Dans ce livre écrit avant qu'un certain débat ne soit lancé, Charles-Daniel Maire, ancien missionnaire, ethnologue et linguiste, nous présente par une série de réflexions et d'exemples, ce qui structure la personnalité de chacun, son identité, comment cette identité se construit ou se détruit, comment elle s'adapte plus ou moins aux situations et à leurs changements.

Sur le fronton du temple d'Apollon à Delphes se trouvait l'inscription "Connais-toi toi-même". Savoir qui l'on est est une chose essentielle pour une vie équilibrée. C'est cet aspect de l'identité qui est développé ici. Appartenances et racines pour s'identifier et se construire, identité refusée ou blessée, identité construite ou reconstruite vers l'estime de soi, la place de la foi, voilà les grandes lignes de l'ouvrage.

Si beaucoup parlent de l'identité pour n'en retenir que la mise à l'écart de ce qui n'est pas identique, l'auteur nous appelle à ce regard sur nous mêmes en quête d'authenticité et d'ouverture à l'autre. Il nous invite aussi à discerner d'éventuelles blessures chez nous et chez l'autre, et à adopter une attitude aimante, compréhensive et constructive.

Pour ceux que les problèmes de culture et de théologie intéressent, je rappelle son livre précédent Parole de Dieu & cultures des hommes.

 

Calvin missionnaire ?

Buckler, Andrew. Jean Calvin et la mission de l'Eglise. - Lyon : Olivétan, 2008. - 248 p. ; 23 cm. - ISBN978-2-35479-048-6. - 20

A l'époque de Calvin, le jésuite François-Xavier évangélisait l'Inde et le Japon. On cherche les missionnaires calvinistes de l'époque.
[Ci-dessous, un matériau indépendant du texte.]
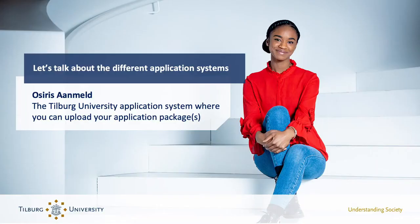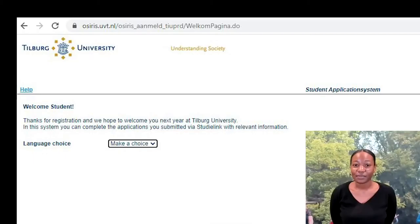Then there's OSIRIS, which is the main information system here at Tilburg University with different modules. OSIRIS MELTS is the application system necessary to upload all your application documents.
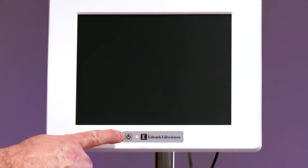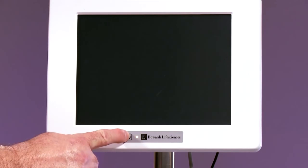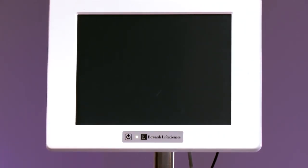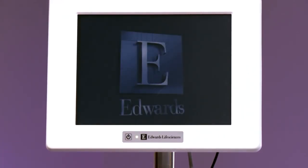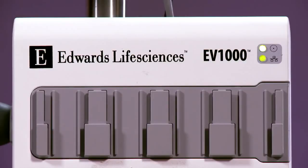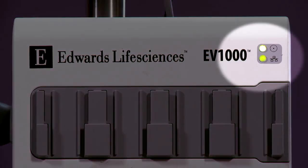Turn on the EV1000 Clinical Platform by pressing the power button on the front of the monitor. Confirm that the data box LED lights are illuminated green.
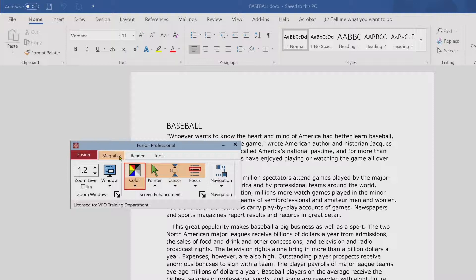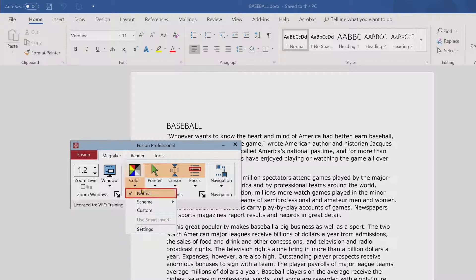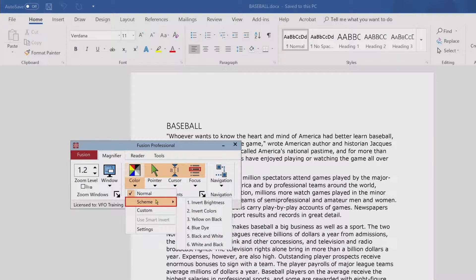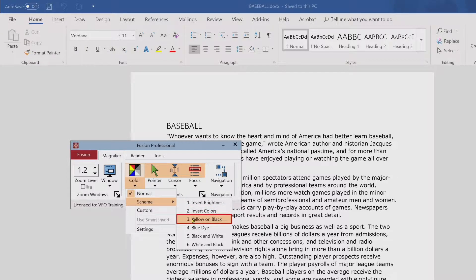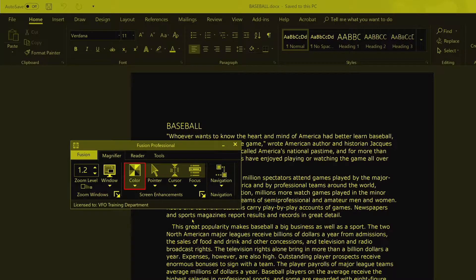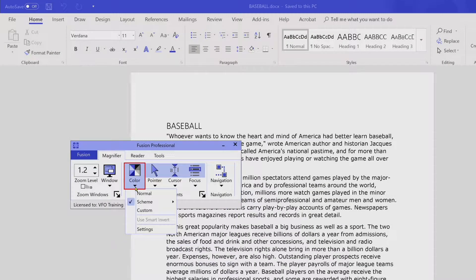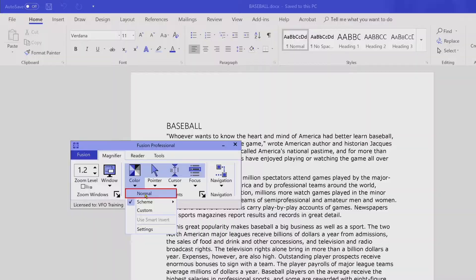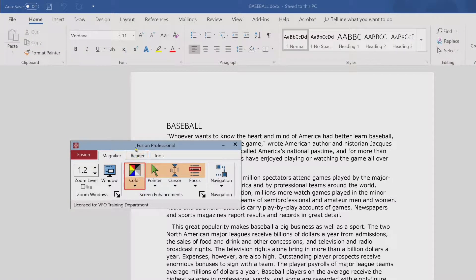To choose a preset color scheme, on the magnifier toolbar tab, click the arrow next to color, and in the color menu, choose scheme submenu. In the scheme submenu, choose the desired color scheme. Color button checked, menu, normal checked. Screen enhancements enabled, screen enhancements group. Fusion professional, title bar.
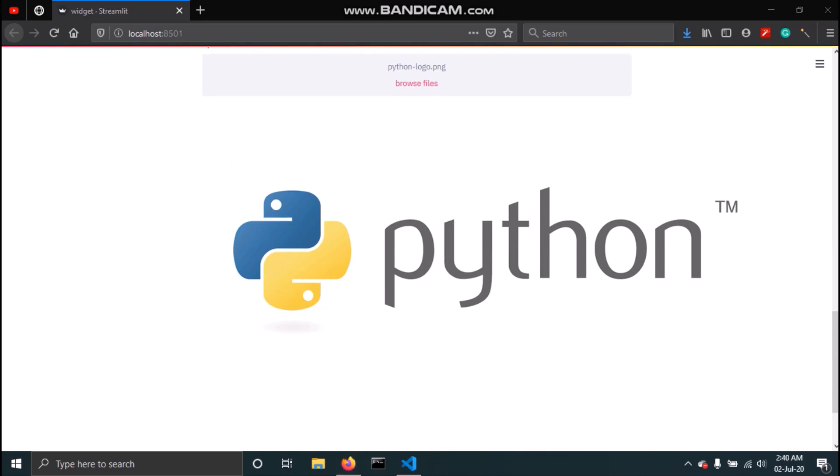That's all for this video. In the next video we will see how we can add these widgets to our sidebar and then create a navigation bar using widgets and sidebars. I hope this video was helpful — please do like this video and subscribe to the channel. Thank you.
A travers les divers textes de Jean Calvin, l'Institution bien sûr, mais aussi ses leçons et ses commentaires, ainsi que ses lettres qui nous sont parvenues, l'auteur, pasteur de l'Eglise Réformée, analyse l'évolution des réflexions du Réformateur sur l'évangélisation ou la mission, même si la terminologie et la compréhension actuelles ne correspondent pas à celles de l'époque. Il mentionne l'expérience brésilienne mais insiste sur l'importance pour Calvin du Royaume de France. Il décrit le rôle important de la formation théologique à Genève et de la Compagnie des Pasteurs.

L'avancement du Règne de Christ ou du Règne de Dieu tient une place centrale dans l'analyse du rôle de l'Eglise pour Calvin conclut Andrew Buckler à la fin d'un livre à la fois théologique et historique qui nous amène à réfléchir à nos propres actions et positionnements.

 

à la résurrection de la chair et à la vie éternelle

Wright, Nicholas Thomas, Surprised by hope : rethinking heaven, the resurrection, and the mission of the church. - New York : Harper, 2008. - xiv, 332 p. ; 24 cm.

Les diverses cérémonies d'obsèques auxquelles nous assistons nous montrent la variété des idées que se font nos contemporains, qu'ils soient croyants ou non, sur un éventuel au-delà.

Qu'adviendra-t-il de notre monde, des hommes, croyants ou non ? Qu'en est-il du paradis, de l'enfer, voire du purgatoire ? Qu'en est-il de l'âme ? Autant de questions auxquelles tant de spéculations ont tenté de répondre, et que le Nouveau Testament aborde.
L'auteur passe en revue tout ce qui est venu en parasiter le message : les idées grecques sur l'âme éternelle, les diverses images sur le paradis, l'optimisme positiviste depuis les Lumières.

Le théologien et évêque anglican de Durham nous rappelle le message que nous ont laissé les apôtres à travers le Nouveau Testament, et qui mène à une mission de l'Eglise bien claire. La question principale est celle de la nature de l'espérance et de son fondement.

Pour N. T. Wright, le coeur du message des apôtres, c'est la résurrection du Christ, événement central de l'histoire du salut, prémices de la résurrection à venir. Enlevez la résurrection, et le message disparaît. Il analyse les conséquences de cette conviction du renouvellement de toute chose pour l'action des Chrétiens et la mission de l'Eglise, porteuse de l'espérance de la résurrection. Il aborde l'éthique et l'esthétique, le social et l'écologique, l'évangélisation qui ne concerne pas la mort mais la vie, l'attente eschatologique.

De quoi soupirer avec espérance, comme la création (Rom 8:21).